**Records supplied:**
- - -
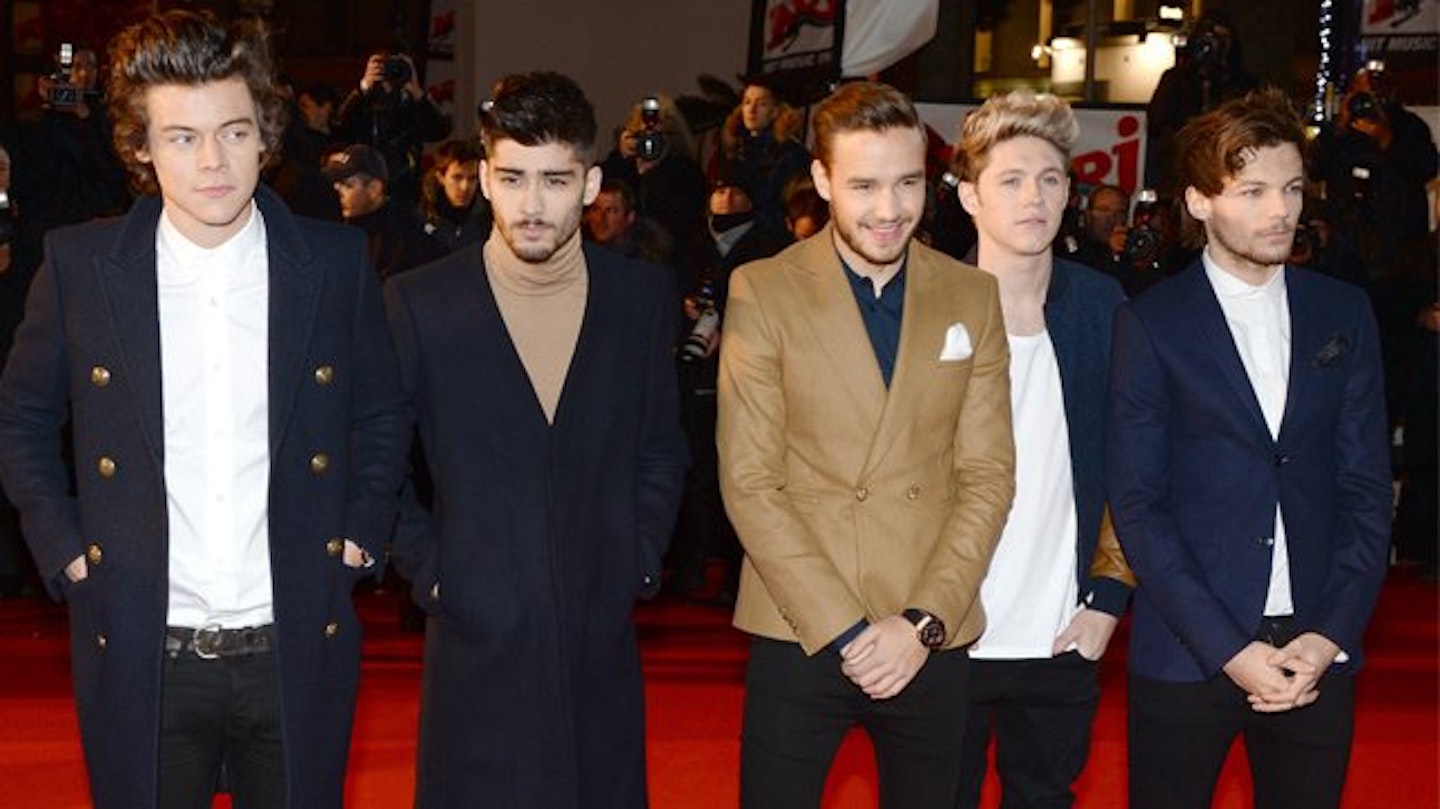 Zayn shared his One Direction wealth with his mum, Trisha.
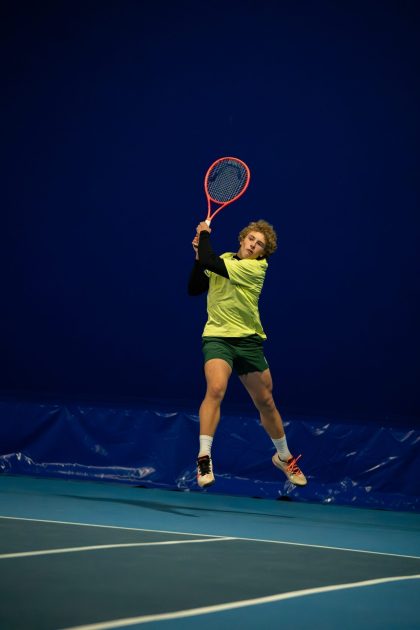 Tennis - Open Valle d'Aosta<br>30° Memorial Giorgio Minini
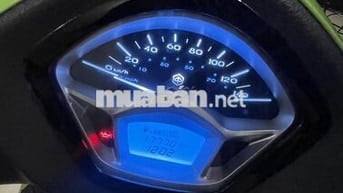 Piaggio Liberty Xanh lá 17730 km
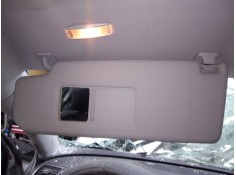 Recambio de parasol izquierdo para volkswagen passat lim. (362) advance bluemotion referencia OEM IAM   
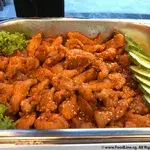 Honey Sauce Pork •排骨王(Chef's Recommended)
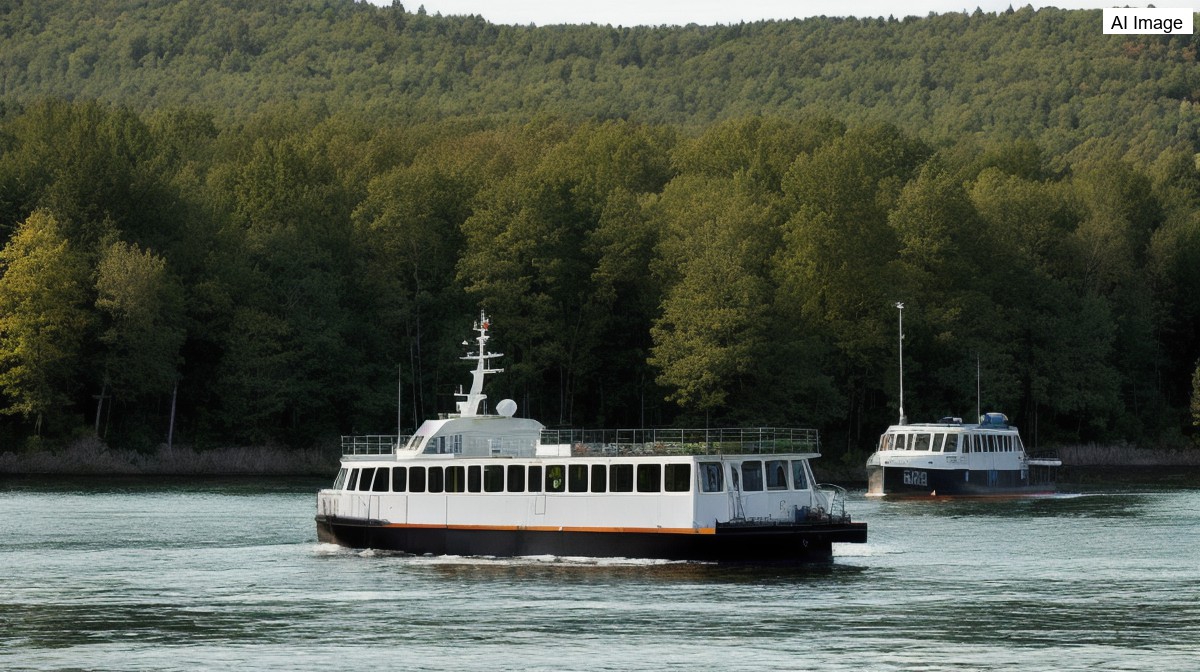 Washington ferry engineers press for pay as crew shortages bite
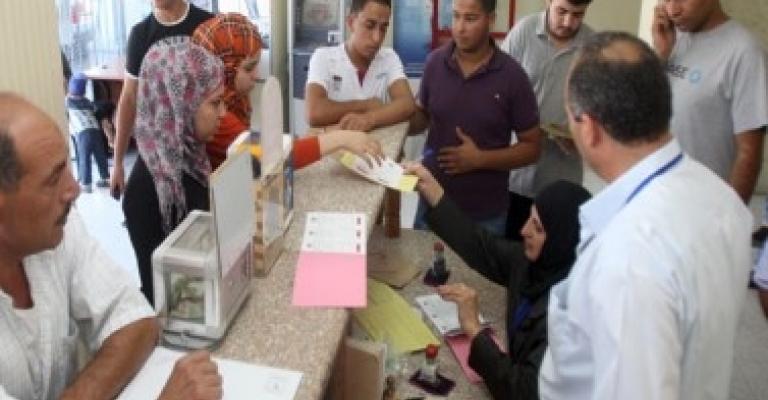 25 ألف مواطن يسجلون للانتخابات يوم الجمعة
- - -
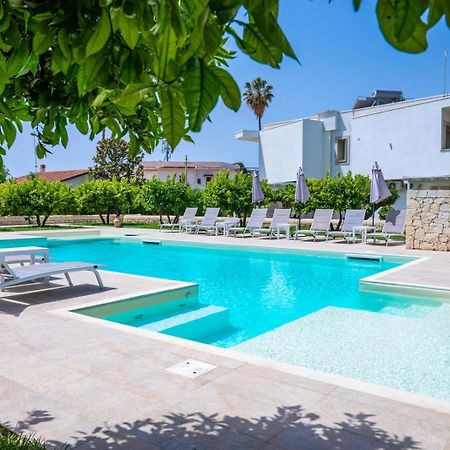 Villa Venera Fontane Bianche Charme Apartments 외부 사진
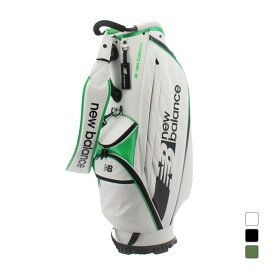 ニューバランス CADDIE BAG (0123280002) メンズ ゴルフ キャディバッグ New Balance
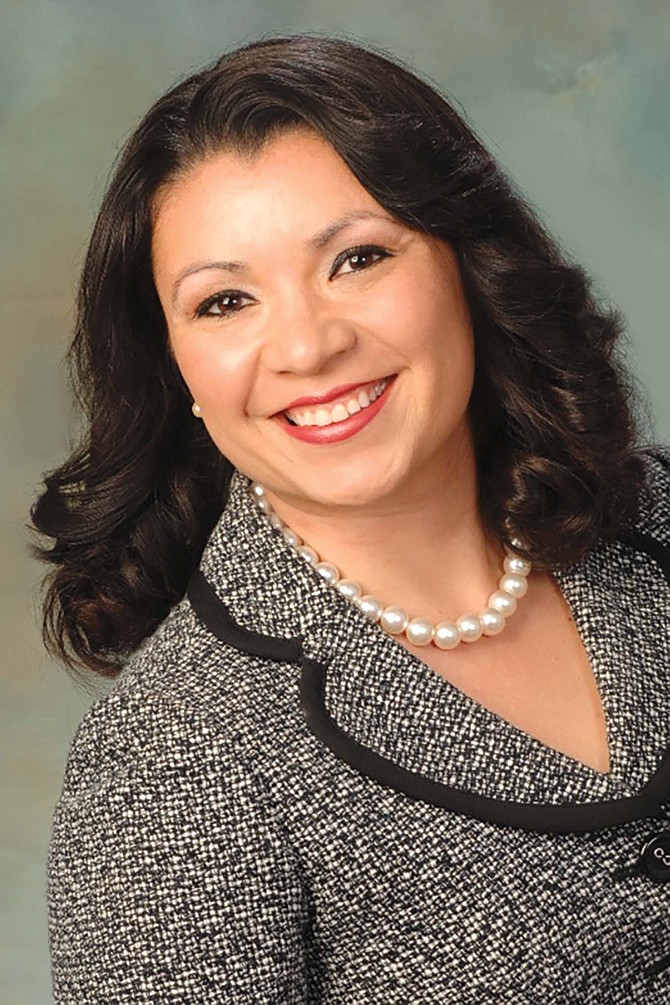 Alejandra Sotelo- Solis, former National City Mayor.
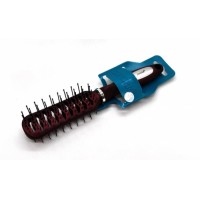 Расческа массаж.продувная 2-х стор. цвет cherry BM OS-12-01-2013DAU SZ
- - -
**What the task asks:**
An exact copy of the lines above from the one with "Zayn shared his" up to and including the one with "25 ألف مواطن يسجلون للانتخابات يوم الجمعة" is required; reproduce only those lines, omitting all pictures.

**Task solution:**
 Zayn shared his One Direction wealth with his mum, Trisha.
 Tennis - Open Valle d'Aosta<br>30° Memorial Giorgio Minini
 Piaggio Liberty Xanh lá 17730 km
 Recambio de parasol izquierdo para volkswagen passat lim. (362) advance bluemotion referencia OEM IAM   
 Honey Sauce Pork •排骨王(Chef's Recommended)
 Washington ferry engineers press for pay as crew shortages bite
 25 ألف مواطن يسجلون للانتخابات يوم الجمعة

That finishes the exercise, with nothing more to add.